Pooh Kaye: Swim, 1977, digital transfer from Super 8, 2 minutes, 34 seconds; at Shoot the Lobster.
In her brief film Going Outside (1980), Pooh Kaye barely makes it outside at all. The work takes place almost entirely inside a bedroom of her downtown loft. Kaye, in a T-shirt and pants, raises and lowers a window shade, climbing onto the windowsill to do so; she slithers through the window, lying on her back on the fire escape with her legs in the air; she maneuvers across the sill, the floor, a chair, and a bed; she wriggles beneath the fitted sheet of the bed and bends and jumps atop the mattress. Throughout, her movements are twitchy, due to their having been shot on Super 8 using a method Kaye accidentally discovered when she set the camera speed incorrectly, allowing her to condense longer performances into a minute or two of film. In this private performance transformed into filmic experiment, Kaye assesses the contours and functions of the room by confronting them with those of her own body.

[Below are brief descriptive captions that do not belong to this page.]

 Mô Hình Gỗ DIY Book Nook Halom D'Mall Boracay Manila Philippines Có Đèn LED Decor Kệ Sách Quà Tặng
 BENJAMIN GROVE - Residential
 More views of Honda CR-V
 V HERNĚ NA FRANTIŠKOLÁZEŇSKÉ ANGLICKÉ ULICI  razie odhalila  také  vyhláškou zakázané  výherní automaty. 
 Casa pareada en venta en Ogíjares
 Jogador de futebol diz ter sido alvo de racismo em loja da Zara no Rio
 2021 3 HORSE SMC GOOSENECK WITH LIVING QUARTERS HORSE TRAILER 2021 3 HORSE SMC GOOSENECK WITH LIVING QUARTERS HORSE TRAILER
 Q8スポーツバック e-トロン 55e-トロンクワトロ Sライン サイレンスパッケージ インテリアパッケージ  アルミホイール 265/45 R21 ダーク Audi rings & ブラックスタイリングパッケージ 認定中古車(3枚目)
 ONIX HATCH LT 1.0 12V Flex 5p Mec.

Going Outside was one of the five performance-films by Kaye—and, at two and a half minutes, one of the longest—on view at Shoot the Lobster in “Pooh Kaye: Object Actions 1975–1980,” which was organized by writer and curator Josephine Graf. Kaye was a graduate of Cooper Union and active in New York’s downtown scene in the 1970s, and the show made a strong case for the relevance of her early work to histories of interdisciplinary art practice. The five films, with their explorations of the body in motion and in space, attest to the convergence of experimental dance and cinema in New York at the time, and offer an intimate record of a moment whose art historical import is still being unpacked.
The films Swim (1977) and Table-Walk (1976) focus most explicitly on the moving body, with simple, prosaic actions that evince the influence of minimalist choreographer Simone Forti, for whom Kaye worked in the mid-’70s. Both feature a nude Kaye interacting in unconventional ways with pieces of furniture in the loft. In Swim, she balances her body on the armrests of a metal chair that is itself balanced on a table, paddling her arms and legs as though moving rapidly through water. Table-Walk centers on the table, which the artist climbs on top of, around, and underneath. Throughout the works on view, Kaye’s manipulation of the film gives her actions a frenetic energy and renders the images grainy and pixelated. Specific movements—back, forth, up, down—shift an object or Kaye’s body an inch or two at most; these tiny shifts eventually coalesce into the simple actions illustrated by the films’ titles.
Despite the rigorous focus on the basics of movement, Kaye’s works feature moments of humor that undercut the potential for self-seriousness in the main contexts in which her practice can be situated, minimalist dance and structural film. In the playful Climb (1976), Kaye shimmies up and down a column in the loft while wearing a grass skirt; at one point, she’s interrupted by a curious dog. And Going Outside features audio of Kaye’s voice sped up along with the image to create a comically squeaky, unintelligible soundtrack. That film in particular draws out the absurdity of the body-object interactions Kaye sets up, and of the ways in which environments structure human movement more broadly. While Kaye disavows the influence of feminism on her work at the time—“We’d already been liberated . . . we were freed women,” she claims in a new interview published in the accompanying publication—her corporeal-cinematic experiments defamiliarize her usual surroundings, and in doing so suggest, if very subtly, the limitations domestic space imposes on the gendered body.